I never see many films in theaters (probably 2-3 per year at most) and most of the ones I DO end up seeing on the big screen end up disappointing me and making me think it wasn’t worth seeing on the big screen (Star Trek Into Darkness, Pacific Rim: Uprising, etc.)   But here is a rare example, indeed.  “Bad Times at the El Royale” is a film I didn’t know much about, wasn’t too thrilled about, and only went because a group of friends were planning to go and invited me out to the show on a day I was free from work.  My reaction? “Bad Times” is very, very good.

 

To be clear, the film is no masterpiece, but it IS pretty solid entertainment.  “Bad Times” is a bit of a throwback movie. It’s basically one of those “whodunit?” murder mystery thrillers, so it harkens back to the kind of genre that was more popular in the 1940s than in 2018.  The film is an ensemble piece with seven strangers meeting up at a hotel on the California/Nevada border, which each of them holds a dark secret and is not the person they seem to be at first.

 

I watched this film over the Halloween season, and its perhaps a better Halloween treat than your typical genre horror movie. “Bad Times” tells its story in a non-linear format, with several events overlapping as see them happen from different characters points of view. Jeff Bridges and Dakota Johnson (both playing guests at the hotel) probably get the most screen time, but each character is instrumental to the story, and a surprise late appearance by Chris Hemsworth (as “Billy Lee”) really ups the stakes in this film. (I also think the actor really relished his role!)

 

The film has been called “low rent Tarantino” by some critics. While I would agree a lot of it does seem to be similar to Taraninto’s style (sudden shocking violence, tongue-in-cheek reveals, clever homage to older genres), I actually enjoyed this a lot more than a lot of Tarantino films, as the latter seems to be a bit more cartoonish and smug that the kind of story that director Drew Goddard gave us here.  Rather than calling it “Tarantino style” as a bit of a swipe at the film’s quality, I’d use it here to look at the film more positively.  This isn’t a direct knock-off of Tarantino, but if you like his style, you’re probably love this movie.
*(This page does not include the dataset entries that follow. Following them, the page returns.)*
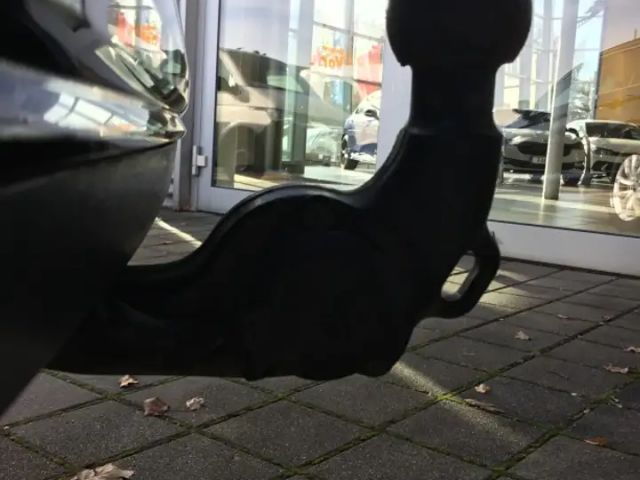 Volkswagen Passat Business Variant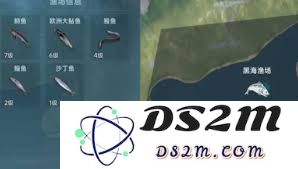 大航海时代的神秘渔场：鱼类分布及其生态环境探秘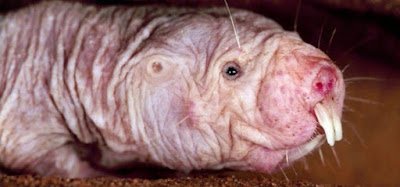 23 animais estranhos que você provavelmente não saiba que existem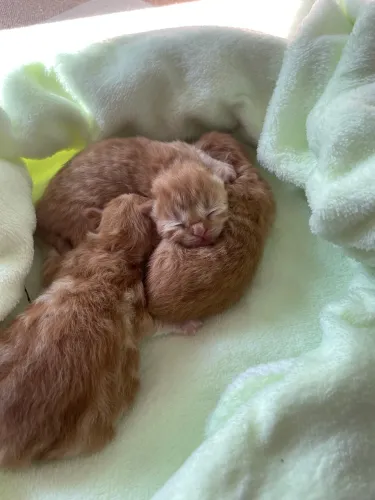 Gatinho persa laranja 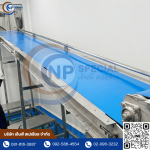 NP Special Company Limited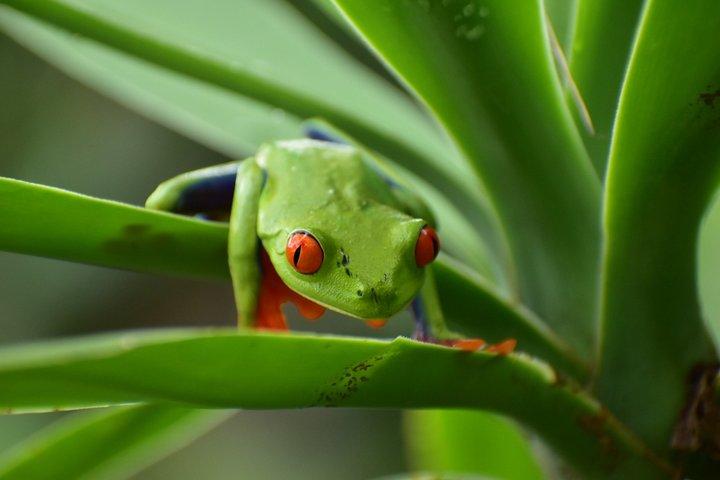 Sloth Encounter and Rio Celeste Rainforest Adventure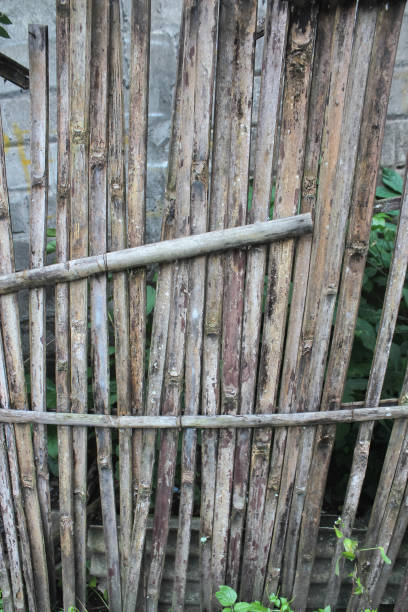 istock Photo of bamboo wall 1452905102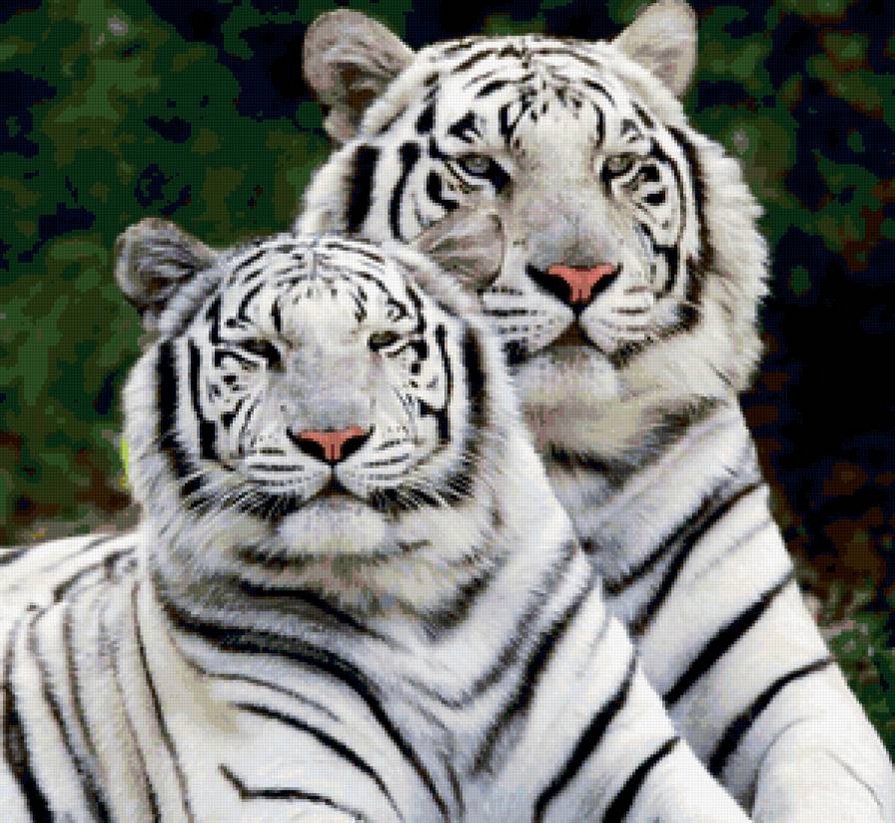 тигры - тигры, белые тигры - оригинал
As for me, Tarantino is a mixed bag, but I thoroughly enjoyed this film.

 

Perhaps the best compliment I can give to this film is I actually missed what others later told me was the “best part of the movie”, as there was a climatic shootout scene that I missed because I had to step out for a  bathroom break after being unaware the film had a 140 min. running time.  Even missing this key piece of the movie that tied all the loose ends together, I still though it was a fun movie and I still got something special out of the ending.  After I learned there apparently IS a real-life hotel on the California-Nevada border (which apparently is sadly foreclosed now), it made the film an even cooler experience for me. The Hotel itself is very much its own character in the movie, as “Bad Times” has something a lot of modern films really lack: tons of atmosphere.  A real-life attraction really ought to be built that based on the El Royale Hotel setting from the movie, it would be loads of fun.

 

“Bad Times” does have some flaws, and some weak spots, but none that can really be discussed in detail without spoiling the fun of a mystery movie.  This is one to definitely check out on video. I’ll be giving it a second look, so I hope you give it it a first.